Task requirements → Beginning at the line containing "HCM: Mekong Delta", give again every line through the end of the data, unchanged and with both ends included. Drop any pictures.

Image-caption web data
☆ ☆ ☆ ☆ ☆

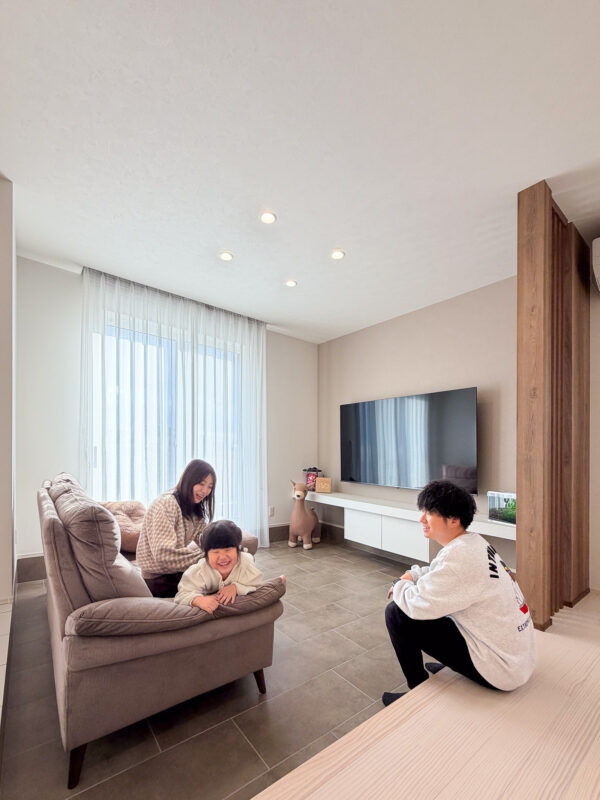 空間に奥行が感じられて開放的な、ダウンフロアのリビング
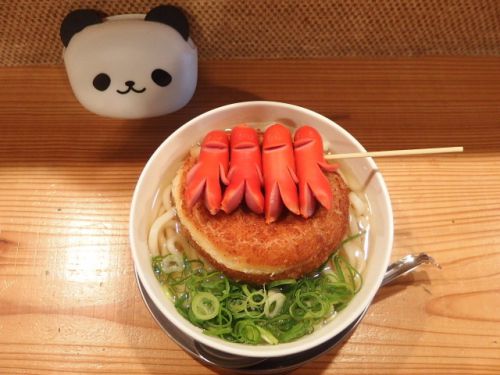 禁煙立呑みゼファー食堂@神戸・東川崎交差点角「本日より”カレーパンうどん/そばをリリースするねん!」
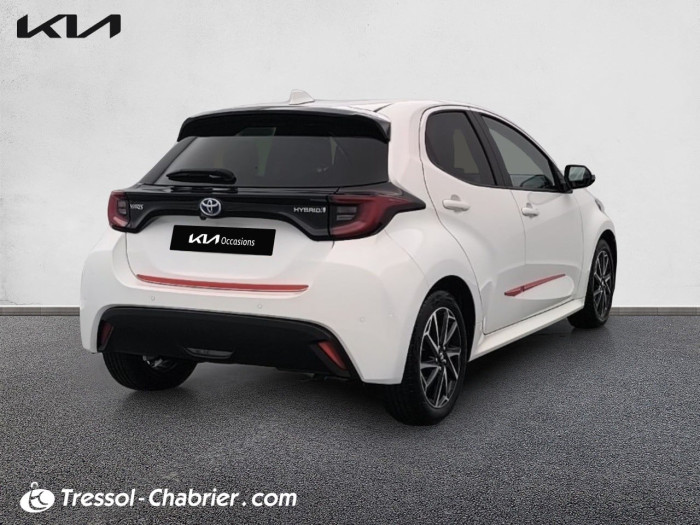 Toyota YARIS HYBRIDE MY22 116h Design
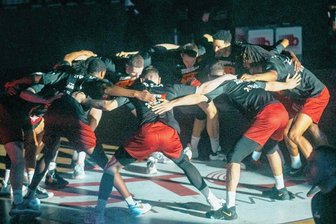 Niners Chemnitz: Das Personalkarussell dreht langsam an - Wer macht sich ab September auf diese Art für die Spiele heiß? Am Kader der Niners Chemnitz wird derzeit fleißig gebastelt.
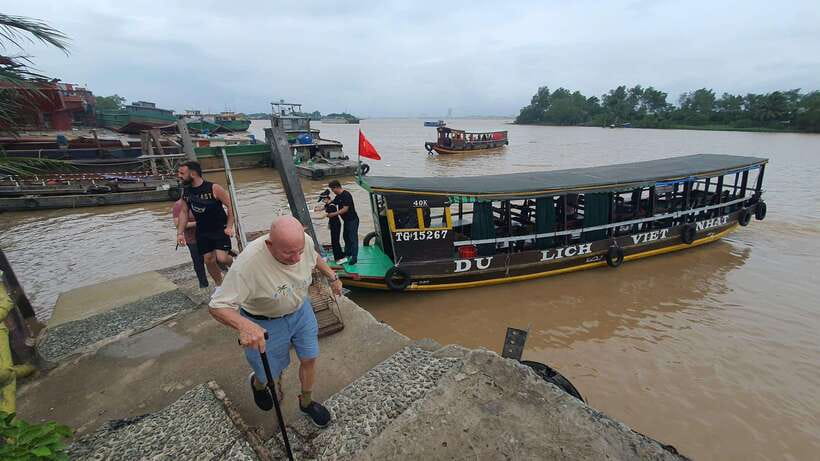 HCM: Mekong Delta Islands Boat & Tuk-Tuk Tour with Tastings - Lunch at a local restaurant: the set menu trade-off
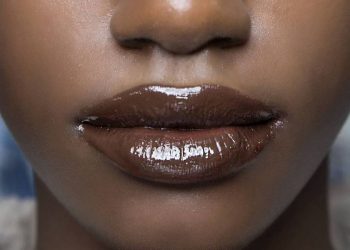 Labor delabrada: labial marrón translúcido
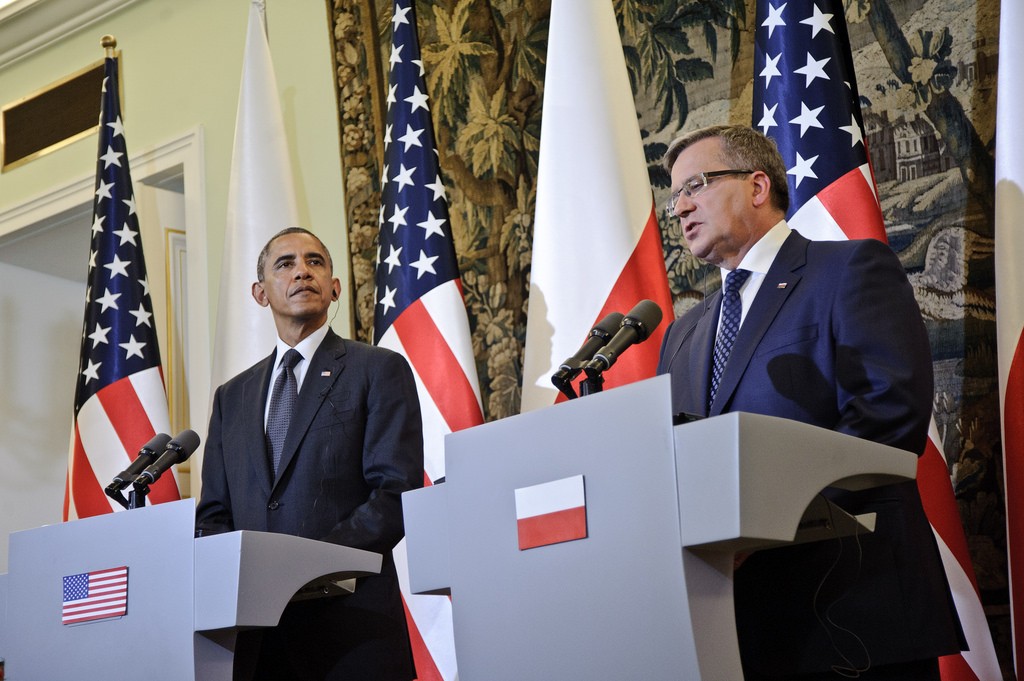 Prezydent Bronisław Komorowski podczas wspólnej konferencji z Barackiem Obamą zapowiedział podniesienie poziomu nakładów na obronę w Polsce do 2 % PKB. Fot. MISSION of the UNITED STATES of AMERICA to POLAND/flickr.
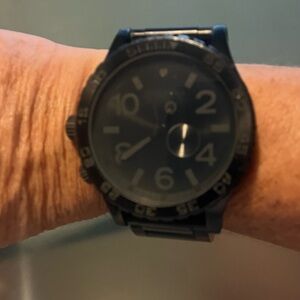 Gently used men’s Nixon watch. Great condition.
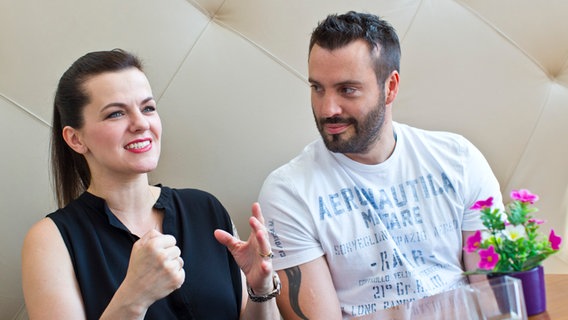 Die tschechischen Teilnehmer Marta Jandová & Václav Noid Bárta im Interview mit eurovision.de © NDR Foto: Rolf Klatt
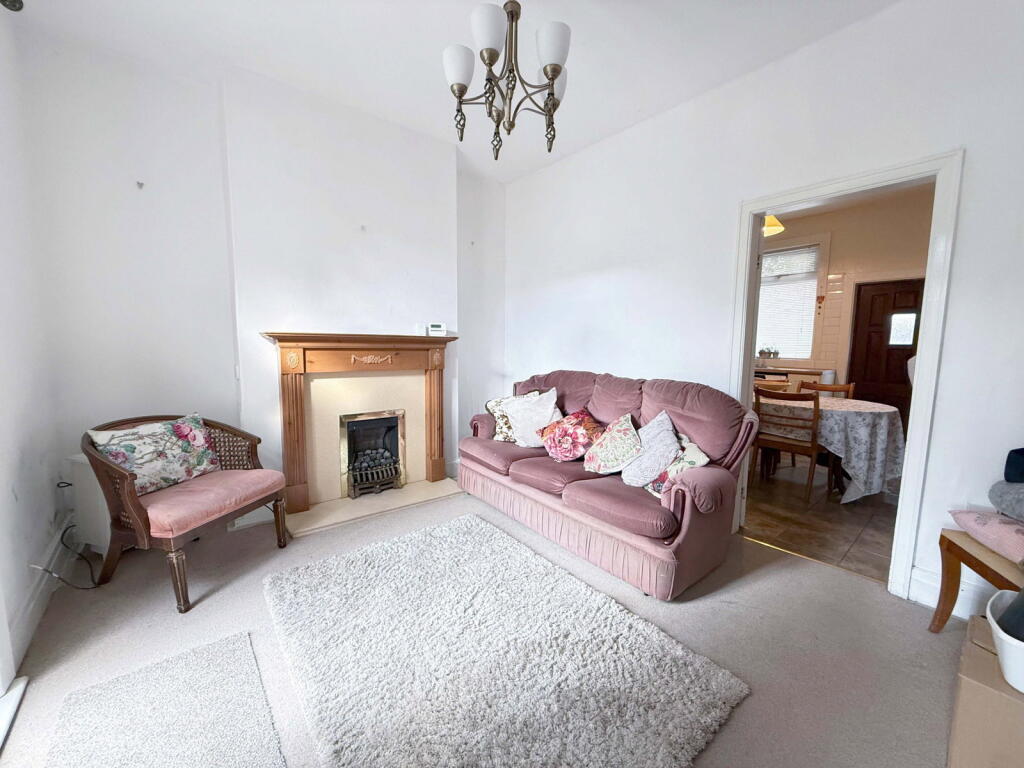 House in Sefton, Liverpool City Region - View 4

☆ ☆ ☆ ☆ ☆

Finished exercise →
 HCM: Mekong Delta Islands Boat & Tuk-Tuk Tour with Tastings - Lunch at a local restaurant: the set menu trade-off
 Labor delabrada: labial marrón translúcido
 Prezydent Bronisław Komorowski podczas wspólnej konferencji z Barackiem Obamą zapowiedział podniesienie poziomu nakładów na obronę w Polsce do 2 % PKB. Fot. MISSION of the UNITED STATES of AMERICA to POLAND/flickr.
 Gently used men’s Nixon watch. Great condition.
 Die tschechischen Teilnehmer Marta Jandová & Václav Noid Bárta im Interview mit eurovision.de © NDR Foto: Rolf Klatt
 House in Sefton, Liverpool City Region - View 4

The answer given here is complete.